Which lines of the data contain the string "Folding"? Copy every one of them.

[Brief descriptive captions]
====================

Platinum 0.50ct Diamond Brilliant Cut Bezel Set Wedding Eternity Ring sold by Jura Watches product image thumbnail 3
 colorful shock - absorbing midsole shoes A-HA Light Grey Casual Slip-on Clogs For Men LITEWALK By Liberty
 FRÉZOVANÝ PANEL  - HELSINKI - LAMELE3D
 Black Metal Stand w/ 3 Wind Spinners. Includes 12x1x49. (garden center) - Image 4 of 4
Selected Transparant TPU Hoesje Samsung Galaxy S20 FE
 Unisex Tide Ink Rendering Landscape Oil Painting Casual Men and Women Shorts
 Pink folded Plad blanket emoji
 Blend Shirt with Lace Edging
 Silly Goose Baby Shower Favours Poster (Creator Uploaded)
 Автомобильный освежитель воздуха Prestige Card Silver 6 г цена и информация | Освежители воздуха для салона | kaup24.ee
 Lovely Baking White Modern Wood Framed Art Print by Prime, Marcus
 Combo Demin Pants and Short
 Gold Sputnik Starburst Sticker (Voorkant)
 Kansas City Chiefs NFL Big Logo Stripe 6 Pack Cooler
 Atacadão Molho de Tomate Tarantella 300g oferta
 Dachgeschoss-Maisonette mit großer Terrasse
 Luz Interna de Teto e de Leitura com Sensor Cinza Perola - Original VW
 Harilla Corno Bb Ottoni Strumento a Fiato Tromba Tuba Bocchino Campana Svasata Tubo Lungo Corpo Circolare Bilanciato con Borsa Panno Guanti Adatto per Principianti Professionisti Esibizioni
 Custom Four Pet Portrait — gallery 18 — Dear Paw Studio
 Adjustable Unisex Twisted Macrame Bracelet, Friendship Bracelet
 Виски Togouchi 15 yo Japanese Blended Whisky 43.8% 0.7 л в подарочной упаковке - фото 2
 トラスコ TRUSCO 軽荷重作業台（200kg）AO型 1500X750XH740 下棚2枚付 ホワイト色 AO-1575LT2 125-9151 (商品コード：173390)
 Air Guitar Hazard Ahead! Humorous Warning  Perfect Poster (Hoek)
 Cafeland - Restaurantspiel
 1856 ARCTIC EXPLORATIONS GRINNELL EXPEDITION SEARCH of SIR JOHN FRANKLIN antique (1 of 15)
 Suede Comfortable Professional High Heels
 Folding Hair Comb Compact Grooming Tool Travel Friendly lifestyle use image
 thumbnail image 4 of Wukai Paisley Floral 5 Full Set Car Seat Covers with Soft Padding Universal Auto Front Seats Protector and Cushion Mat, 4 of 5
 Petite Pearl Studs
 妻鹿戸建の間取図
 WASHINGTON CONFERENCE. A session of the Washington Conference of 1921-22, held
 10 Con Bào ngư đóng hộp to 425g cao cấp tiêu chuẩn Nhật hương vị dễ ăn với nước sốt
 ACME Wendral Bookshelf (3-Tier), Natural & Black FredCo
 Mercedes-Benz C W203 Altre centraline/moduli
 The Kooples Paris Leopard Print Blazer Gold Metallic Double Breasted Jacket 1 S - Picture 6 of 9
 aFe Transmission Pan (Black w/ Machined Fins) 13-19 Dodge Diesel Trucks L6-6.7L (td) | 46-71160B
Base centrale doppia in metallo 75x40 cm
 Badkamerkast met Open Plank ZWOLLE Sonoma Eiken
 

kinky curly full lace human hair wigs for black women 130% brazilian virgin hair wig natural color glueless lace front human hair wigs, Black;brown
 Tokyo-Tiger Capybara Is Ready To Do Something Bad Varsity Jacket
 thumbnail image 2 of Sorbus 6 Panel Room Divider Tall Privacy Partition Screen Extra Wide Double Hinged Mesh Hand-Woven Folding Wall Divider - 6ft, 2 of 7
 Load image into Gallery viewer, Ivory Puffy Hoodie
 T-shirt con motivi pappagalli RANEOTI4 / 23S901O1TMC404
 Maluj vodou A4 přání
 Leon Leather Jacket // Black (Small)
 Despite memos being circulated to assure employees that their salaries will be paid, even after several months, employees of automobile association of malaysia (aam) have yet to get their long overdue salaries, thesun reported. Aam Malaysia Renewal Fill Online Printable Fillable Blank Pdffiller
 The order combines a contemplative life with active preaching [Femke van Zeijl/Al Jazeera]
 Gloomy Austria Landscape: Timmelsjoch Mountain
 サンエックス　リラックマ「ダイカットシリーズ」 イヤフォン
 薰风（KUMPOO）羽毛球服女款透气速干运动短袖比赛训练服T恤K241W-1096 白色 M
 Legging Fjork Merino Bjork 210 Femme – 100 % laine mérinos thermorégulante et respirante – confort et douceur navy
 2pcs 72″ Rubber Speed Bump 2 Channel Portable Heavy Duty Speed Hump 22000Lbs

====================

▸ **Response for this exercise**:
 Folding Hair Comb Compact Grooming Tool Travel Friendly lifestyle use image
 thumbnail image 2 of Sorbus 6 Panel Room Divider Tall Privacy Partition Screen Extra Wide Double Hinged Mesh Hand-Woven Folding Wall Divider - 6ft, 2 of 7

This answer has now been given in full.